C'est la même demande formulée à son arrivée par le président du Rassemblement national Jordan Bardella: "accepter une baisse des taxes sur les carburants" pour répondre aux "souffrances" de "la France qui travaille".
Emmanuel Macron doit s'exprimer, et répondre à des questions de la presse, à l'issue de la réunion.
La candidate du RN Marine Le Pen, favorite dans les sondages mais en déplacement sur le terrain, a laissé son chef de parti la représenter, comme celui de La France insoumise Jean-Luc Mélenchon, qui a dépêché Manuel Bompard.
Les autres principaux candidats sont présents, parfois au prix d'un déplacement écourté: Edouard Philippe (Horizons), Gabriel Attal (Renaissance), Bruno Retailleau (Les Républicains), Raphaël Glucksmann (Place publique), Olivier Faure (Parti socialiste) et Marine Tondelier (Les Ecologistes).
- "Eclairer le débat" -
Cette dernière a estimé à son arrivée que les "sujets de préoccupation" à l'ordre du jour étaient "révélateurs de ce que les écologistes disent depuis des décennies" sur la nécessité de réduire les "dépendances énergétiques envers la Russie" et "le Moyen-Orient".
Olivier Faure a lui mis en garde contre toute "dramatisation" ou "mise en scène" visant à permettre "l'adoption d'un budget", alors que le Premier ministre Sébastien Lecornu a proposé jeudi un effort de 54 milliards d'euros pour 2027.

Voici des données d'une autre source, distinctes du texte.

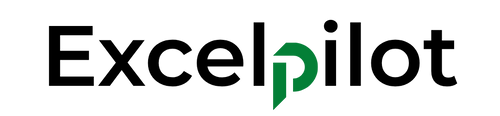 excelpilot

L'Elysée a justifié la réunion par "la dégradation rapide ces derniers jours de la situation internationale", afin d'évoquer "les conflits au Moyen-Orient et en Ukraine et leurs conséquences en France sur la sécurité et l'énergie".
Le président Macron est flanqué des chefs du renseignement, des autorités militaires et du directeur général de l'énergie, pour partager avec ceux qui ambitionnent de lui succéder aux manettes de l'Etat "des informations confidentielles dont seul le président dispose", explique une source au sein de l'exécutif.

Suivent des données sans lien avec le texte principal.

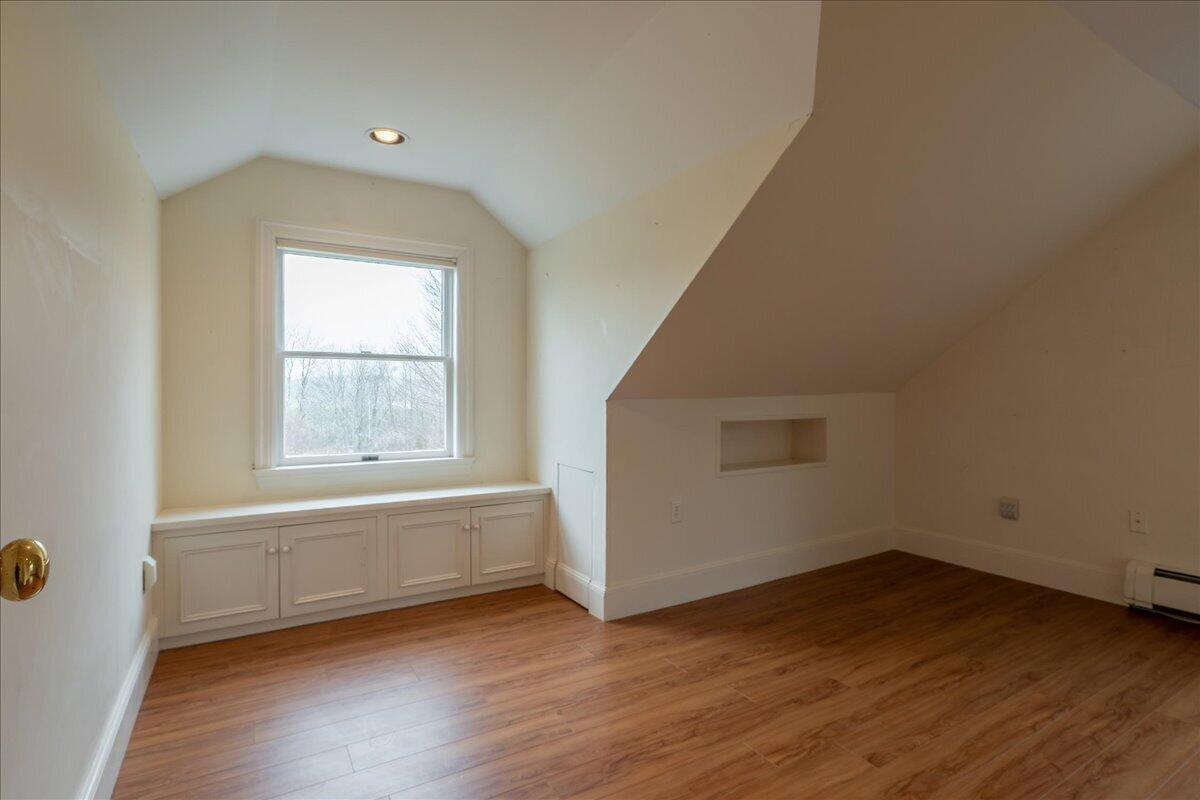 200 Mistic Avenue, Rockport, ME, 04856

Il veut par cette réunion rappeler à l'opinion que la flambée des prix de l'essence est due à la situation internationale, alors qu'on estime dans son entourage que cette idée est moins présente qu'au printemps quand la guerre faisait rage en Iran.
Il entend aussi "éclairer le débat" de la campagne, glisse un conseiller, afin que les promesses des uns et des autres tiennent compte de la réalité et de la "complexité" de la situation - une manière de laisser entendre en creux que ce n'est pas toujours le cas aujourd'hui.
Le chef de l'Etat espère enfin montrer son activisme, alors même que l'absence de majorité présidentielle au Parlement et l'approche de sa fin de mandat l'ont rendu moins audible.
Les blocages du détroit d'Ormuz, dans le Golfe, et plus récemment du détroit de Bab-el-Mandeb, en mer Rouge, "ont des conséquences directes sur notre quotidien", a rappelé Emmanuel Macron jeudi sur le réseau X.
"Les Français les subissent à la pompe, avec des prix devenus insupportables", a-t-il ajouté, au lendemain d'un appel à la "mobilisation" du gouvernement pour garantir l'approvisionnement en pétrole et faire baisser la pression sur les prix.
Au sommet de l'Etat, on surveille en effet avec une certaine appréhension la colère sociale face à cette inflation énergétique, et les appels à la mobilisation pour le mois d'octobre, en essayant de scruter les possibles ressemblances avec le mouvement des "gilets jaunes" qui avait terni, en 2018, le début de la présidence Macron.
La multiplication des attaques "hybrides" en Europe, imputées par les Européens à la Russie, sera aussi à l'ordre du jour de la rencontre.